AGE SCOTLAND’S TOP TIPS FOR STAYING WARM AND WELL THIS WINTER 

  • 64°F (18°C) is the ideal temperature for your bedroom and 70°F (21°C) is the ideal temperature for your living room. Check your thermostat or use a room thermometer to monitor temperature
  • Keep your bedroom window shut at night. Breathing in cold air can increase the risk of chest infections.
  • Stay active and when you are indoors try not to sit still for more than an hour, if you can get up. Walk around or make a hot drink.
  • Eat well. It’s important to eat well, especially in the winter. Have at least one hot meal a day and have regular hot drinks, as they help to keep you warm. Also stock up on basic food items in case of a cold snap and you can’t get out. 

Keith Robson, Chief Executive of Age Scotland said: 

“Winter can be a worry for many older people but with a little preparation and by following a few suggestions we can help prevent health risks, stay safe and be as comfortable as possible in our homes. 

“Older people who live in expensive-to-heat homes are particularly vulnerable at this time of year. Our “Winter Wrapped up Guide” offers practical tips on how to keep homes warm as well as information on who might be eligible for financial support. 

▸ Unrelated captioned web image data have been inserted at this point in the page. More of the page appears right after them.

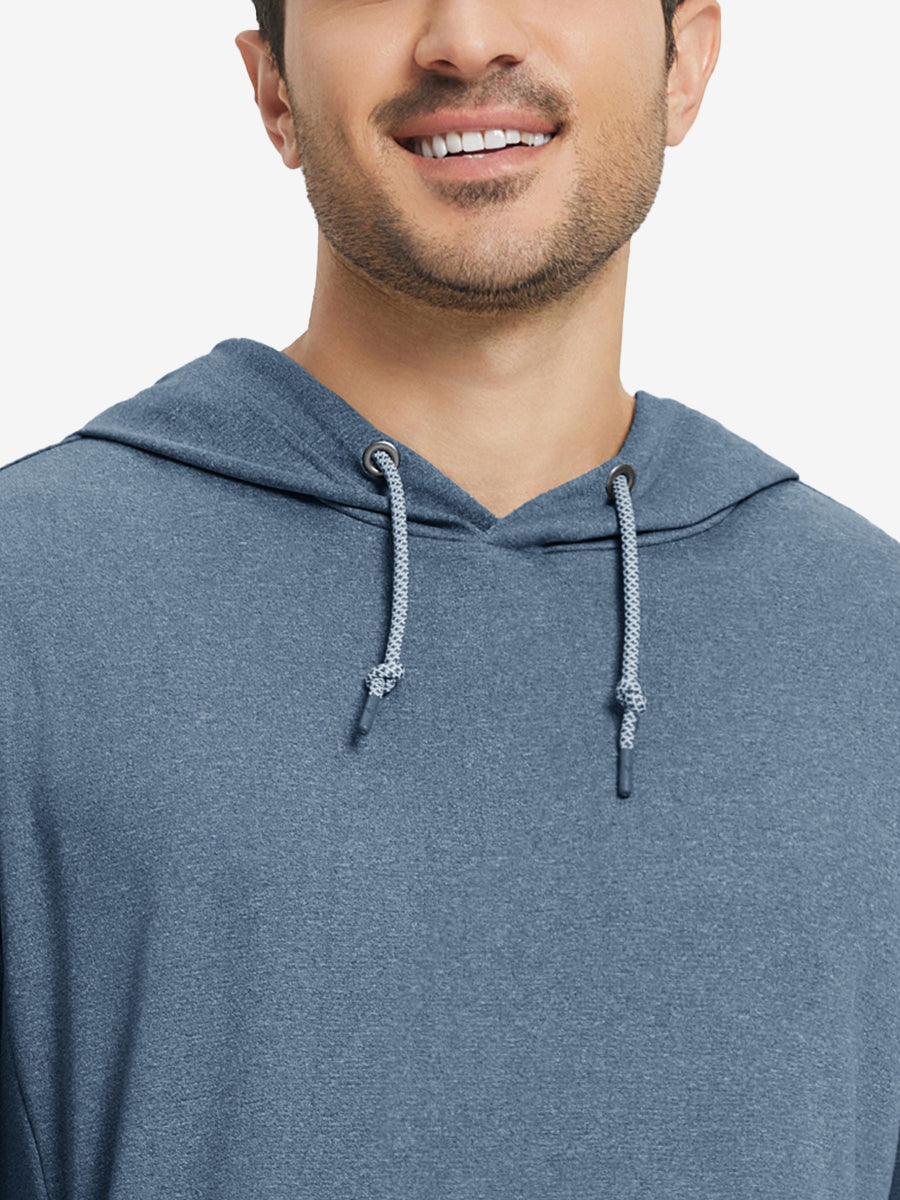 Close-up from nose to chest, showing soft heather texture and collar detail of the navy melange hoodie.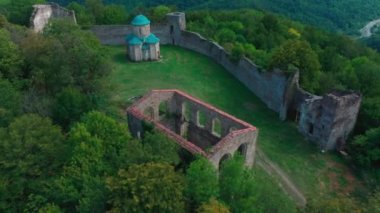 Dağlardaki eski bir kalenin kalıntıları yeşil ağaçlar.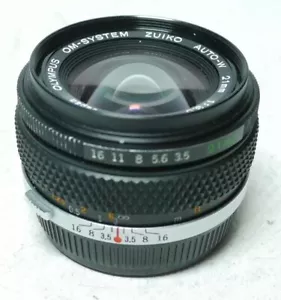 Olympus OM Zuiko Auto-W 3,5 21mm Objektiv An-Verkauf ff-shop24 - Bild 1 von 5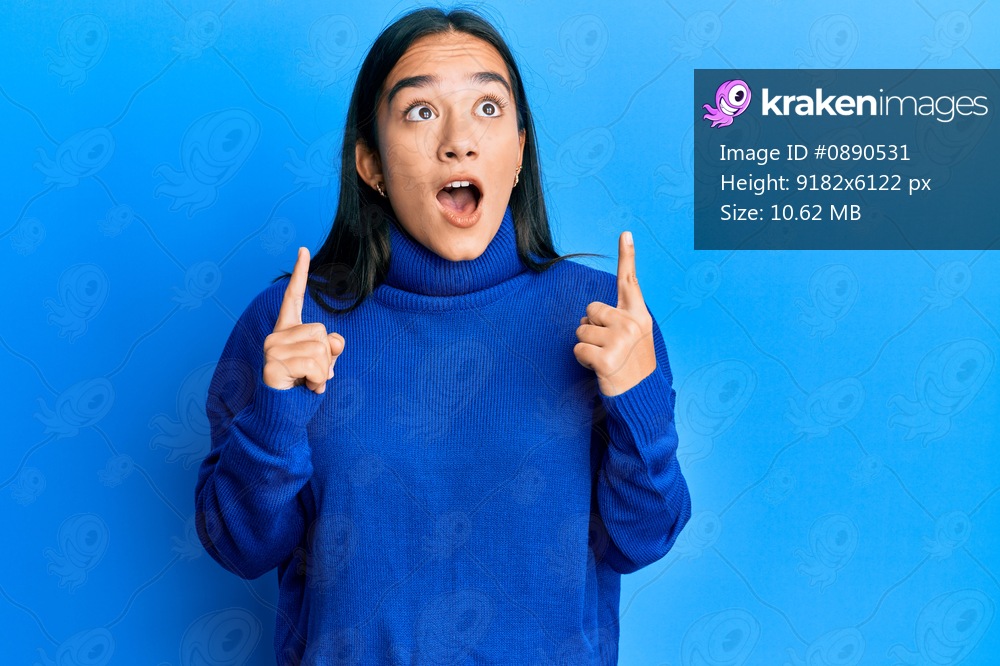 Young asian woman wearing casual winter sweater amazed and surprised looking up and pointing with fingers and raised arms.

“Older people can also become isolated at this time of year if it gets too cold or dangerous to leave their home, particularly in snowy conditions. That’s why we are urging people to keep an eye on their older neighbours, friends and relatives – go round for a cuppa and a bleather or pick up their shopping or prescription. 

“Our national Freephone telephone helpline – 0800 12 44 222 – available for older people, their families and carers, offers friendship and contact as well as information and advice. We’d like to encourage people to get in touch and have a chat with our team of friendly advisers.” 

Last year, Age Scotland helped around 17,000 older people with information and advice on a broad range of issues such as energy efficiency, claiming benefits, housing options, paying for care and support and staying healthy, as well as providing friendship. 

Download the Winter Wrapped Up Guide

[i] The Met Office has issued a severe weather warning for wind and snow across all regions of Scotland. More detail is available on the Met Office website.